Tackling ergot contaminations from day one
Ergot is a term that describes the sclerotia (also known as ergot bodies) produced by fungi in the Claviceps genera, particularly C. purpurea. Toxic alkaloids produced by the fungi are stored in the ergot bodies. The incidence of ergot infection of grains and its severity vary from year to year.
The incidence of ergot infection of grains and its severity vary from year to year. Ergot is most prevalent in years with increased moisture available at the soil surface in spring and early summer or with wet weather prevailing during the flowering stage of cereal crops (Pearse, 1999). Several cereal grain species (including rye, wheat, triticale, barley, oats and others) are vulnerable to ergot infection, producing ergot bodies. Ergot bodies can be removed during seed screening and cleaning processes. If not removed, their presence in these grain screenings still present a health risk for livestock. To limit this risk there are currently regulations for the allowed quantities of ergot bodies in grain and feed (table 1).

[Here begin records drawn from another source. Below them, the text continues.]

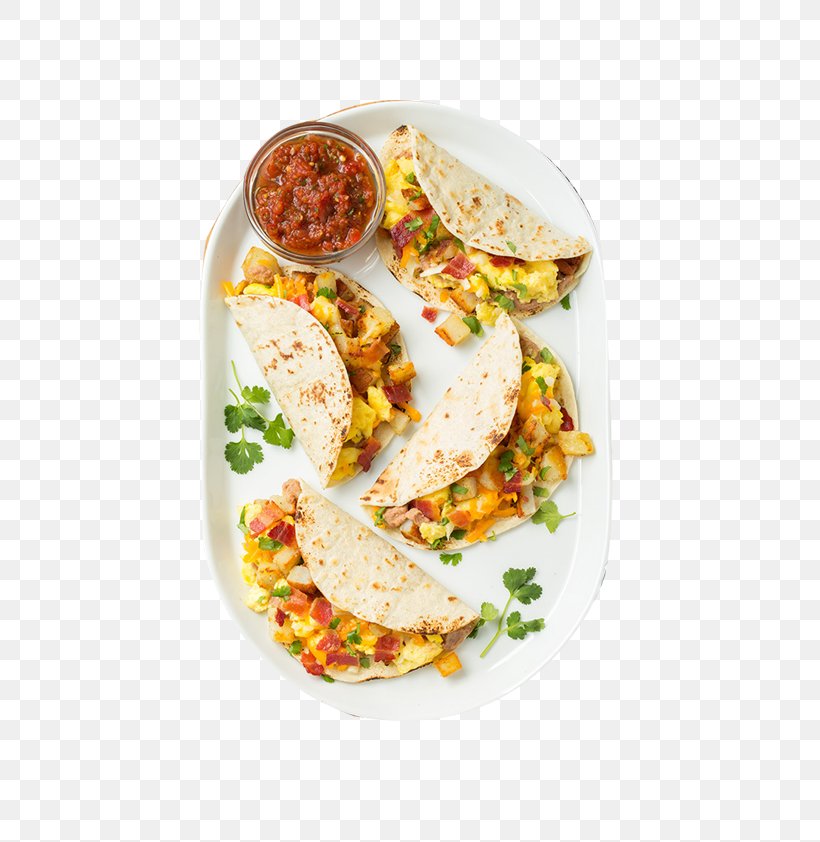 Taco Breakfast Salsa Bacon, Egg And Cheese Sandwich, PNG, 595x842px, Taco, American Food, Bacon Egg And Cheese Sandwich, Bread, Breakfast Download Free
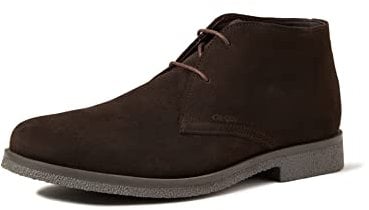 Geox Uomo Claudio A, Zapatos Hombre, Marrón Dk Coffee, 41 EU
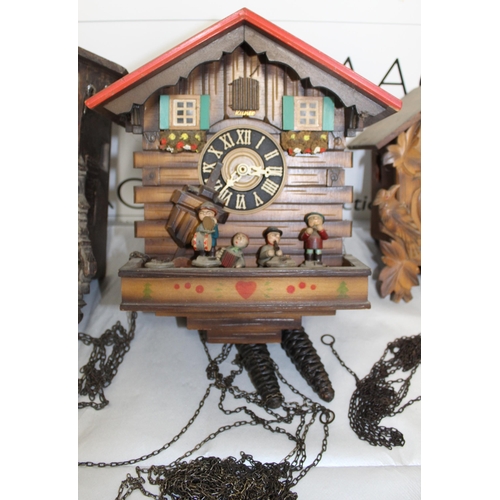 129 - 3 Cuckoo Clocks All Untested
Various Conditions
Tallest 33cm
COLLECTION ONLY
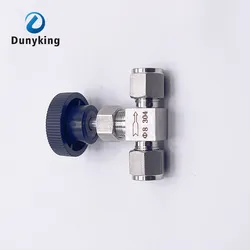 Adjustable needle valve OD 3 4 6 8 10 12 14mm 1/8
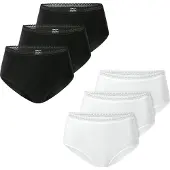 Schiesser Slip ' Modern Multipacks ' noir / blanc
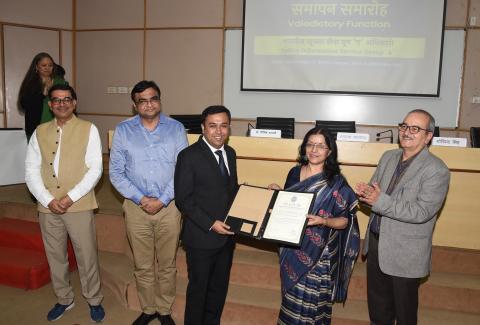 Hindi Fortnight closing ceremony of IIMC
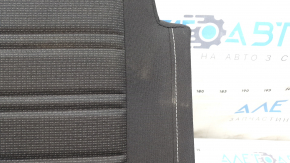 Rear seat cushion, 2nd row, left, VW Tiguan 18-21, black leather, perforated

The actual content of ergot alkaloids depends on their concentration in the ergot bodies. EFSA has reported a strong correlation between the content of sclerotia and the levels of ergot alkaloids (coefficients ranged between 0.806 for rye grains and 0.972 for triticale grains). However, in the same report, the absence of sclerotia did not exclude the presence of Ergot alkaloid (EA). However some samples with no sclerotia identified showed measurable levels of Ergot Alkaloids (EA’s).
Contamination levels and effects
The effects of ergot toxicity vary among different livestock species. Poultry appears to be able to handle higher dietary alkaloid concentrations than ruminants or swine (Thompson, 2016).
Typical clinical symptoms of ergot poisoning are vasoconstriction, which may progress into gangrene, disruption of reproduction, abortion, neurotoxic signs including feed refusal, dizziness and convulsions, agalactia and adverse effects to the cardiovascular system. Normally these symptoms are associated with high contaminations, above regulations or recommendations limits.
There are some ergot reports of concentrations close to regulations already showing a detrimental effect. In a swine trial where the animals were exposed for 28 days to doses with concentrations close to the EU regulations (1.2 and 2.5 gr sclerotia/kg feed), the results were remarkable. The animals that were fed with a higher dosage showed a decrease in feed intake in the second week. The animals that were fed with a lower dosage reported a reduction in the last 14 days of the experiment. No clinical signs of acute toxicity were reported but different organs were affected. In the liver you could see an alteration of the tissue, including development of inflammatory infiltrates. In the jejunum, a reduced villi height and increased damage to the epithelium (Maruo et al., 2018).
Other studies (Oresanya et al., 2003) reported a dose response reduction in ADFI in the last week of a 28 days trial with weaned pigs fed feed containing ergot concentrations ranging from 0.05 to 1.00% of the diets. The reduction in feed intake has been linked to the aromatic properties of ergot alkaloids (Whittemore et al., 1977). Because of several reports of detrimental effects with ergot contamination close to regulation limits, different authors have suggested a more practical table of recommendations taking in consideration the actual alkaloid content rather than ergot bodies.
Contamination levels and effects
At feed mill level, the recommendation to avoid contamination by ergot is the same as any mycotoxin contamination. A good quality control of incoming raw materials that stresses out the importance of a good sampling protocol. Further down the feed manufacturing process some techniques that can reduce the risk include grain cleaning methods (i.e. scalpers, shaker decks) that remove impurities, or specific grain cleaning equipment such as gravitational separators and color sorters. At farm level, the recommendation is to remove the affected feed.
As with other mycotoxin contamination, the use of mycotoxin binders is an alternative. While there is very limited reports of in vivo studies testing mycotoxin binders, in vitro binding efficacy, similarly to other mycotoxins, can give an indication of the potential capacity of a product to reduce the effects of ergot contamination when fed to farm animals. Therefore, such in vitro binding tests are very useful for making a differentiation between the different commercial toxin binders available in the market and to select a binder that can bring a real added value in tackling ergot contaminations in animal feed.